# Wartungsanleitung für Fachkräfte = Wartungsanleitung für Kunden ?



## Raydakteur (12 November 2021)

Hallo, mich treibt eine Frage um.

Meine Firma baut große Maschinen und schreibt dafür Betriebsanleitungen, in denen an entsprechender Kapitelstelle steht, dass die Wartung und die Inbetriebnahme nur von unseren Servicekräften bzw. entsprechend geschulten Servicekräften durchzuführen sind. Die Wartungsanleitung und die Inbetriebnahmeanleitung (jeweils ca. 300 Seiten) sind entsprechend für Servicekräfte erstellt und beinhalten Fachinfos.
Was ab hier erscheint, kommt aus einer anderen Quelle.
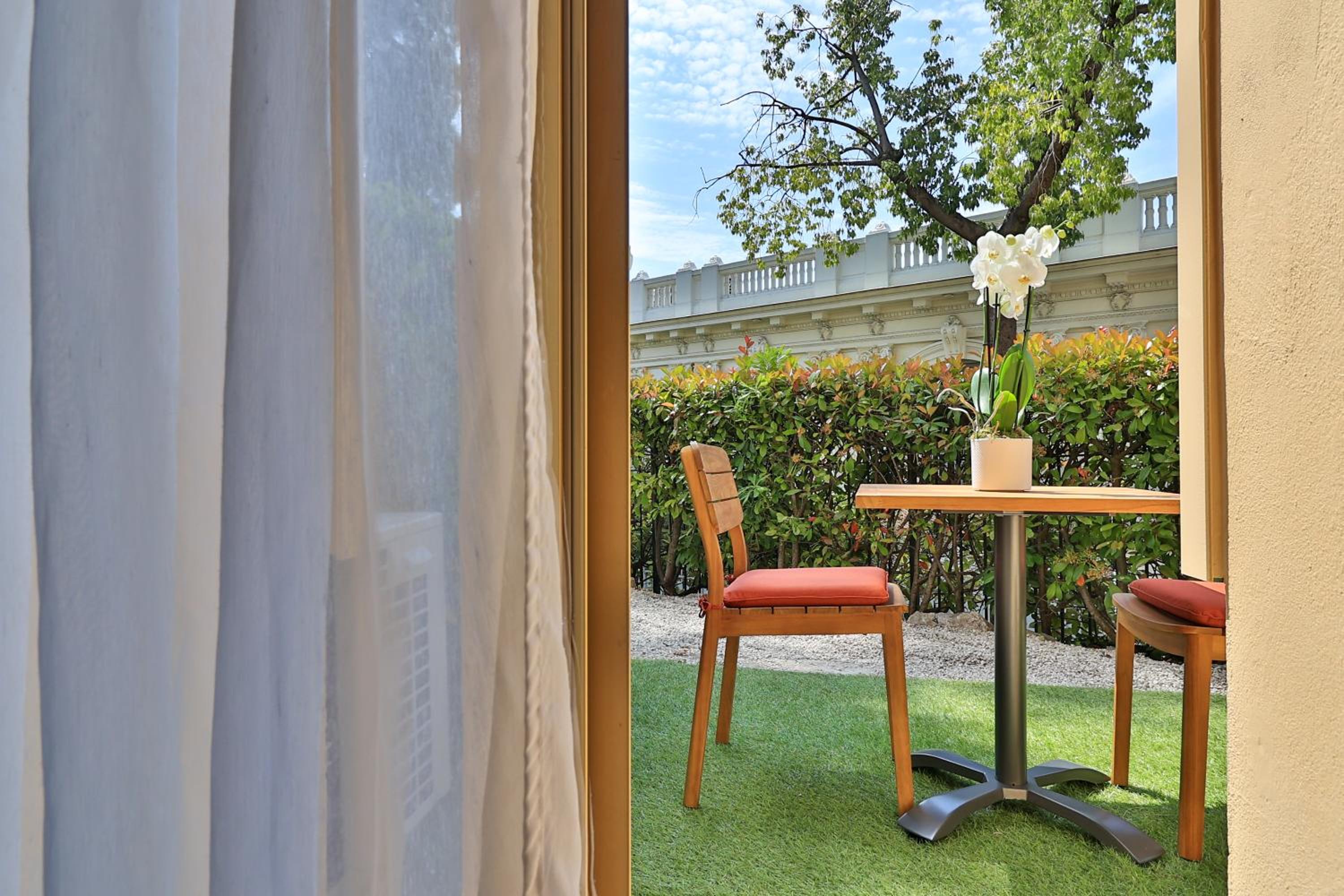 Double Room with Garden View - Photo 8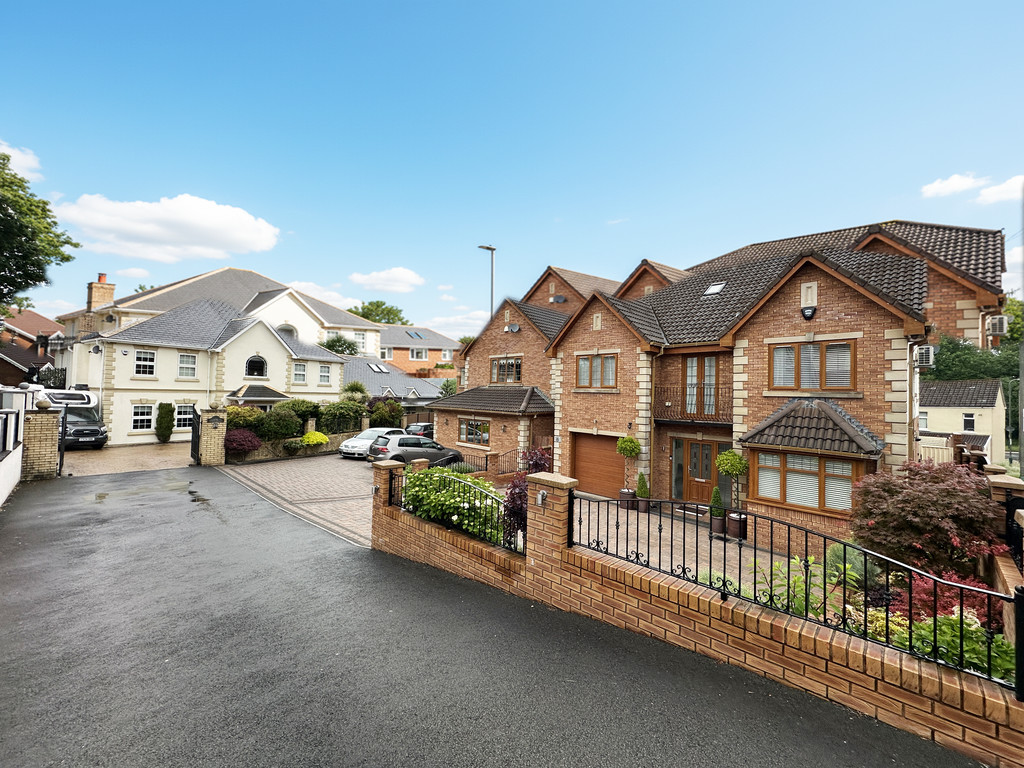 5 bed detached house for sale in Gellideg Lane, Maesycwmmer  - Property Image 22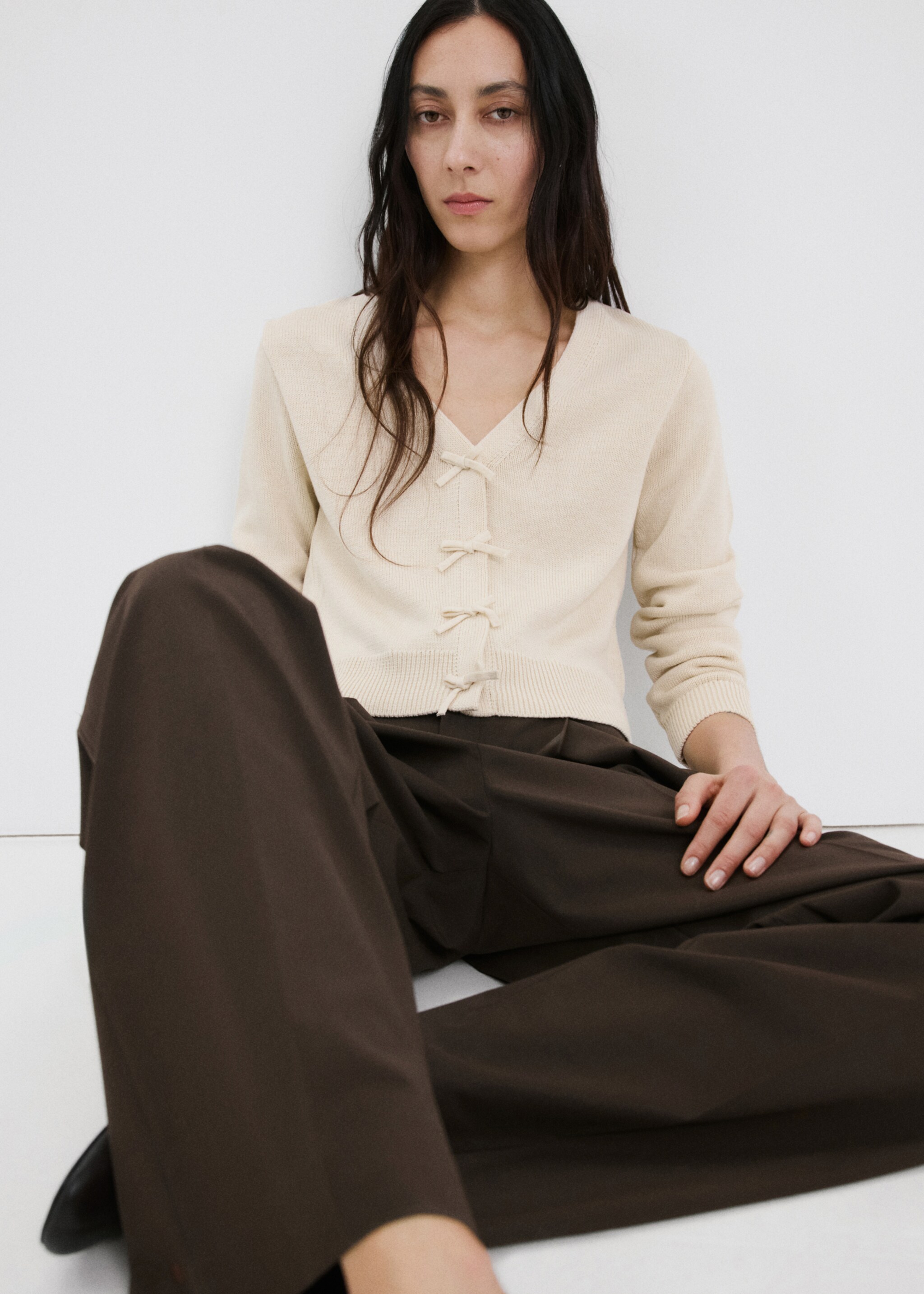 Cárdigan punto lazos - Plano medio, Crudo. Ref: 27054098-00.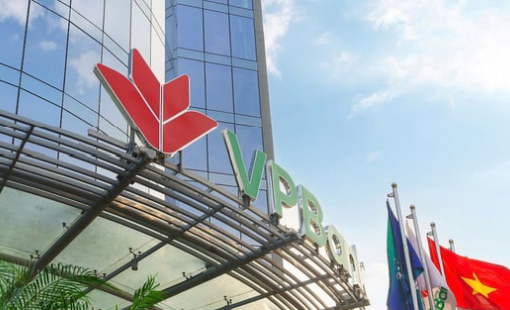 Khối ngoại mua ròng hơn 1.800 tỷ đồng trong chưa đầy một tháng, cổ phiếu VPBank lập đỉnh mới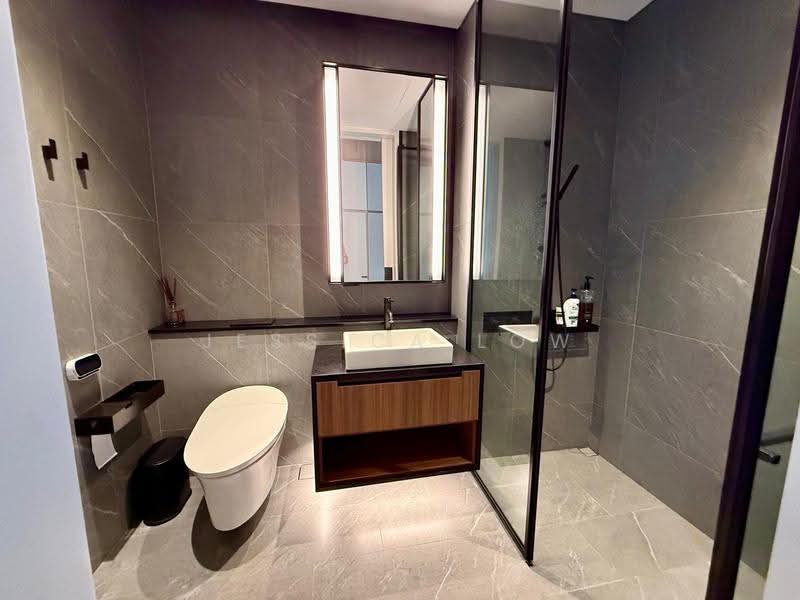 Petit Jervois, 33 Jervois Road, Tanglin / Holland / Bukit Timah, 2 Bedrooms, 818 sqft, Condominium For Rent, by Jessica Low, 500278297 - Bathroom - PropertyGuru.com.sg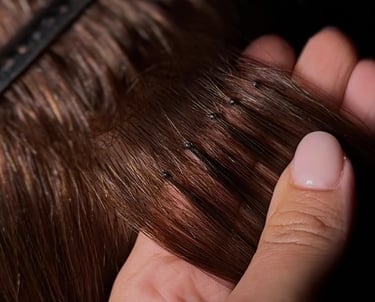 Przedłużanie włosów metodą na keratynowa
Wenn Kunden Wartungsanleitungen wollen, liefern wir ihnen Kurzversionen der Anleitungen (Überschriften der Kapitel mit vereinfachter Inhaltsangabe). 

Ich frage mich seit längerem, ob das so richtig ist.

Einerseits sagt die Maschinenrichtlinie, dass dem Kunden alle Infos zur Wartung und IB zustehen, andererseits scheint es Usus, das die Infos nur ans geschulte Fachpersonal gehen und der Kunde nichts bzw. Sonderlösungen an die Hand bekommt.* 

Ich habe gelesen, dass man keine Wartungsanleitung an den Kunden ausgeben muss, wenn der eigene Service für die Arbeiten buchbar ist.* *Ich frage mich jetzt, auf welcher rechtlichen Grundlage/Norm dieses Vorgehen fußt.*

Hat da jemand Erfahrung mit?


----------



## holgermaik (12 November 2021)

Raydakteur schrieb:


> *Ich habe gelesen, dass man keine Wartungsanleitung an den Kunden ausgeben muss, wenn der eigene Service für die Arbeiten buchbar ist.* *Ich frage mich jetzt, auf welcher rechtlichen Grundlage/Norm dieses Vorgehen fußt.*


Alles eine Frage des Vertrages.
Das mindeste was du tun musst ist einen Wartungsplan erstellen in der Betriebsanleitung.


----------



## Raydakteur (12 November 2021)

Ja, hatte ich auch schon gehört, dass vertraglich abgemacht wird, was dem Kunden zusteht. Aber ist das der einzige Weg? Alles, nichts, vertraglich geregelt?

Gibt es nicht irgendwo die Norm, die sagt " Wenn Spezialisten die Arbeiten machen, bekommt der Kunde die Infos nicht" oder so?


----------



## hirngabel (12 November 2021)

Das in der Maschinenrichtlinie geforderte muss auf  jeden fall mitgeliefert werden. Zusätzliche Dokumente müssen vertraglich geregelt werden, bzw. gibt es in dem ein oder anderen Land besondere Gesetze dazu. 

Die Maschinenrichtlinie sagt:



> 1.7.4.2 Inhalt der Betriebsanleitung
> Jede Betriebsanleitung muss erforderlichenfalls folgende Mindestangaben enthalten:
> ....
> e) die für Verwendung, Wartung und Instandsetzung der Maschine und zur Überprüfung ihres ordnungsgemäßen Funktionierens erforderlichen Zeichnungen, Schaltpläne, Beschreibungen und Erläuterungen;
> ...



Eventuell steht dazu noch etwas in der EN ISO 20607


----------



## Raydakteur (12 November 2021)

Danke für den Hinweis, die EN ISO 20607 schaue ich mir kommende Woche nochmal an. 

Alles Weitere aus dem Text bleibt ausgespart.